If you're claiming the screen size is the browser size, you've provided more fingerprintable information. Browser viewport sizes are more numerous than screen sizes.

I'm assuming Tor Browser doesn't actually alter the CSS stylesheet layout engine, so here's a quick way around that: Construct a CSS stylesheet that styles a div a certain way based on the media query size. Encode the success or failure of the media queries in the width of the element and then read out the width of the element to tell if the browser is lying to you. Even if the browser throttles CSS queries, you'll still know that a lie happened, which is an extra fingerprinting bit.

If you're thinking of prohibiting dynamic CSS, you'll break all sorts of harmless JS - and still not fix the problem. You could maintain two sets of computed layouts, of course, but that would break JavaScript layout scripts (e.g. masonry.js). The option that breaks no scripts is to lock browser widths to rendering at specific viewports - if Tor Browser does that, then it probably has adequately resisted this particular fingerprinting vector, at the expense of some user experience.

Just tested on latest TOR Browser. It limits the viewport sizes to a small set (multiples of 200px I think). The JS `screen.width` etc are undefined. The media queries can only query the viewport size, not the screen size.
> We cannot be inconsistent about our lies: if we were to, say, lie about the screen resolution but still handle media queries faithfully, then not only can the fingerprinter see through our lie, it can use the fact that we lied as extra information.

Depends on to whom we lie.
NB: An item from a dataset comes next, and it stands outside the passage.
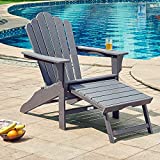 Ehomexpert All-Weather Adirondack Chair with Pull-Out Ottoman, Oversized Poly Lumber Classic Lounge Chair for Fire Pit, Garden, Porch, Deck, Slate Grey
The OS usually[1] should not lie to the browser and the browser has to know the truth to do its duty and for example render the page.

The browser lying to the server is a different story. Not a simple story, but in principle there is no reason the server needs to learn rendering details from the client.

[1] Location faking apps are one example where OS lying works with little downsides.

If the browser doesn't lie while rendering the page, then JavaScript can deduce the window size by measuring elements on the page. And obviously JavaScript can send this information to the server.